Neither did the preschool parents I spoke with. What’s more, they didn’t want to say anything at all. Several parents refused to be quoted on the topic. One parent put it plainly: getting into a decent school is hard enough, I don’t want this to come back and haunt me. Why are parents afraid to say they don’t like preschool homework? If we parents think that homework (or any policy or practice) is making our children miserable, why wouldn’t we say something about it?
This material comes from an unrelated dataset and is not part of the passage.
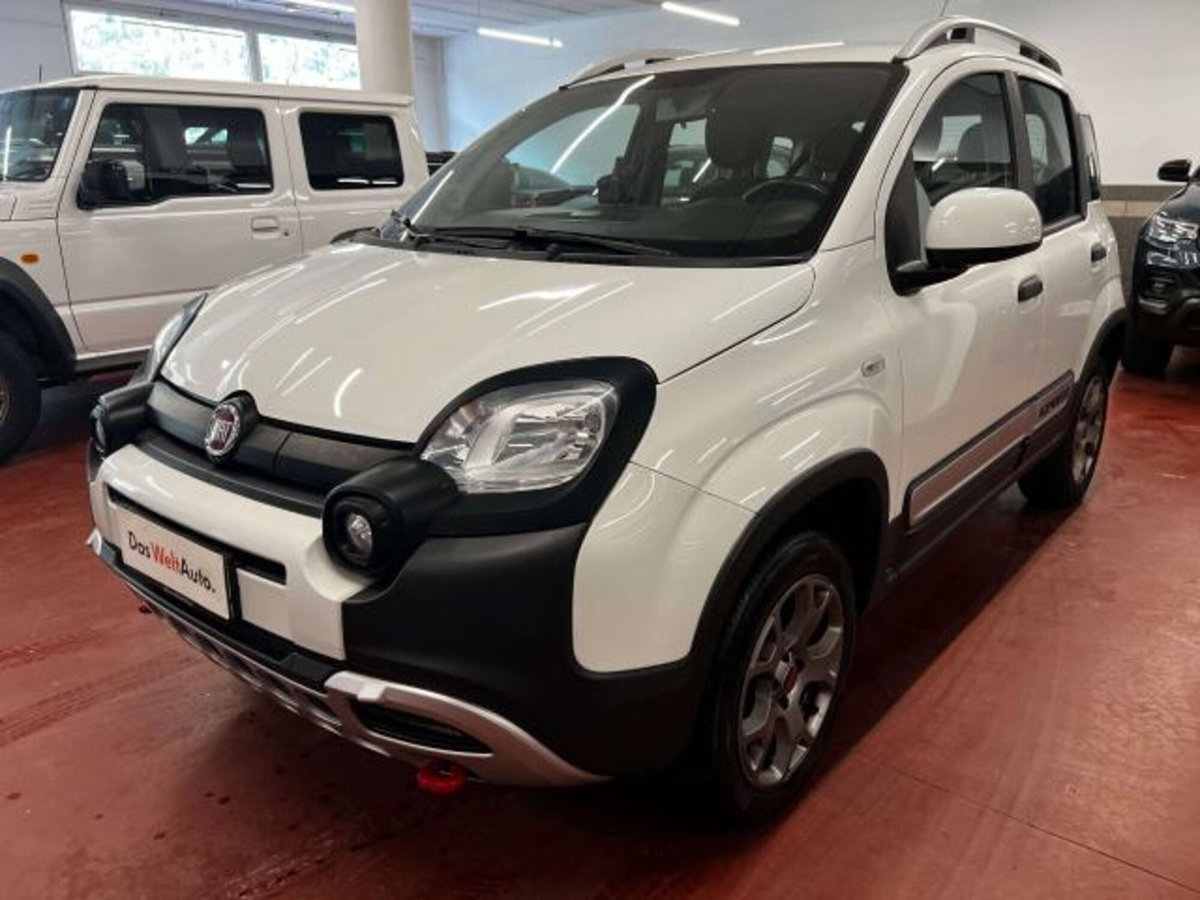 Fiat Panda 1.3 MJT 16V 4x4 Cross (4)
Pressure to test preschoolers for entrance into coveted gifted and talented programs makes it even harder to protest. Vassiliki, a mother from Chicago, did balk; she told me she refused to turn in her preschool daughter’s nightly homework. “The idea was revolting to me,” she said. But Vassiliki also acknowledged that her daughter’s private preschool, located within a Chicago public magnet school, had a cozy relationship with the magnet’s gifted and talented program. “The kids get primed to ace the ‘gifted’ system-wide tests.” Homework (whether it’s turned in or not) is part of that priming.
One reason parents may be reluctant to speak up, says Mr. Kohn, is our nearly unconditional acceptance of schools’ authority. Instead, busy parents may spend more time finding ways to deal with the unpleasant homework instead of confronting the school. Jennifer from New Jersey eventually asked her child’s preschool teachers if there was a way to reduce his workload. “They said it shouldn’t be about frustrating the kids, so now he will be given just one sheet of letters to practice per week. They said, ‘Look, this is only preschool.”
But we should be asking bigger questions — like if the real reason we’re not saying no to preschool homework is because, in today’s rush to get young children into academics, we fear our child will fall behind. We parents should stick up for what preschool does well — teaching kids how to socialize, take turns, and work in a group. Preparing children to read and write during the hours of the school day is fine, but a preschooler’s “homework” should be exploring, playing and listening to bedtime stories.
As we demand academics from younger and younger children, will there come a time when 4-year-olds are no longer prepared for the demands of pre-K? And then is homework for 3-year-olds around the corner? A few years ago, preschool homework might have been a headline in The Onion, but we don’t seem to be laughing. Instead, somewhere out there, someone is busily developing “Worksheets for the Womb.”